*ACTIVITY*
Write out again, please, the records below from the first line to the line holding "Camilla, Duchess of", inclusive, and nothing else.

*INFORMATION GIVEN*
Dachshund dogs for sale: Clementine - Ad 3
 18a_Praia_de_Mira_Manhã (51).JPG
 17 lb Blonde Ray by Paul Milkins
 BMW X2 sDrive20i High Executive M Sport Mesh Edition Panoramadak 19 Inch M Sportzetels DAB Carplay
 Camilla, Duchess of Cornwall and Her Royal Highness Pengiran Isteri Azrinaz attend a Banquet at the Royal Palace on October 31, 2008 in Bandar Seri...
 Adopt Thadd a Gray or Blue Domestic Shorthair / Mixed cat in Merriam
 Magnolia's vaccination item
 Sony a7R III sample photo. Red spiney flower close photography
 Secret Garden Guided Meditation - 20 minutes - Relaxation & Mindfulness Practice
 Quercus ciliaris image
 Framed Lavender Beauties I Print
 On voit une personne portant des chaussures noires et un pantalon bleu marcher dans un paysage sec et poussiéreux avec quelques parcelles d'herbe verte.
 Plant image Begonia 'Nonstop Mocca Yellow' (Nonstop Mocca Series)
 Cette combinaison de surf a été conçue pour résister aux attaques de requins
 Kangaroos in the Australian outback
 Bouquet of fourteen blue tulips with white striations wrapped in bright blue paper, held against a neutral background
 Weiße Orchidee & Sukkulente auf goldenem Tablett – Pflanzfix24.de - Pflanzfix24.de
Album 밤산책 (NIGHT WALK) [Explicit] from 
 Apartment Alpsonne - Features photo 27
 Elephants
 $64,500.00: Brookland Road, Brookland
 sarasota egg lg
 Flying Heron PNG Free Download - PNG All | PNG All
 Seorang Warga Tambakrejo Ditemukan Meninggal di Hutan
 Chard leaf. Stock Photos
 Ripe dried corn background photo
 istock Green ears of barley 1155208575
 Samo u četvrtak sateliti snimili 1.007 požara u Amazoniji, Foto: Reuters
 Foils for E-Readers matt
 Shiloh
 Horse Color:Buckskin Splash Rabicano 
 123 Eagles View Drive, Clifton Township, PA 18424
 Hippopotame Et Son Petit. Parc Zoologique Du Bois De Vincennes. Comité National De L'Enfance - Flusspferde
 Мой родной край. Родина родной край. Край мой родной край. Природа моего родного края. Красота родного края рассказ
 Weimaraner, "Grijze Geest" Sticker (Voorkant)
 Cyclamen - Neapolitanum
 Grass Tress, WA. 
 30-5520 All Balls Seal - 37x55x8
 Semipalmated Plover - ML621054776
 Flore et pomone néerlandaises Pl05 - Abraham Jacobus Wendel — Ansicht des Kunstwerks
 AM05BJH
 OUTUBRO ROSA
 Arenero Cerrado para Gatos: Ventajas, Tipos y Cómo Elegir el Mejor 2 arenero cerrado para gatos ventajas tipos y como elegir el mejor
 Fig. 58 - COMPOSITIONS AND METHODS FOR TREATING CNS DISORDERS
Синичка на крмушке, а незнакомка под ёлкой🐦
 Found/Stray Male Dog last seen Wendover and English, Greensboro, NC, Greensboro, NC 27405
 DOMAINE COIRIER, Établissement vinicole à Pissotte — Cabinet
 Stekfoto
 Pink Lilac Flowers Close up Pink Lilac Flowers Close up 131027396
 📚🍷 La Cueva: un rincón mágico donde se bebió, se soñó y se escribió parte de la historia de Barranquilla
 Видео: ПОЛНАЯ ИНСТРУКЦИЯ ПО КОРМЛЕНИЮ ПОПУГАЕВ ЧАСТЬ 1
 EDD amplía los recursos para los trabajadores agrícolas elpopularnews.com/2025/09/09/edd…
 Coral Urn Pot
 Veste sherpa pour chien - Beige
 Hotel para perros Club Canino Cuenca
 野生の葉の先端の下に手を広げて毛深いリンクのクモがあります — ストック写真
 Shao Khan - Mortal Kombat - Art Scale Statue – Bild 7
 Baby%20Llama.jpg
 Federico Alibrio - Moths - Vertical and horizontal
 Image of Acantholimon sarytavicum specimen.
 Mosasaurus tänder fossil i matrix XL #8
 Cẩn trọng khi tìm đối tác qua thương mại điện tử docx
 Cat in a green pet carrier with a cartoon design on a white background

*RESULT OF THIS EXERCISE*
Dachshund dogs for sale: Clementine - Ad 3
 18a_Praia_de_Mira_Manhã (51).JPG
 17 lb Blonde Ray by Paul Milkins
 BMW X2 sDrive20i High Executive M Sport Mesh Edition Panoramadak 19 Inch M Sportzetels DAB Carplay
 Camilla, Duchess of Cornwall and Her Royal Highness Pengiran Isteri Azrinaz attend a Banquet at the Royal Palace on October 31, 2008 in Bandar Seri...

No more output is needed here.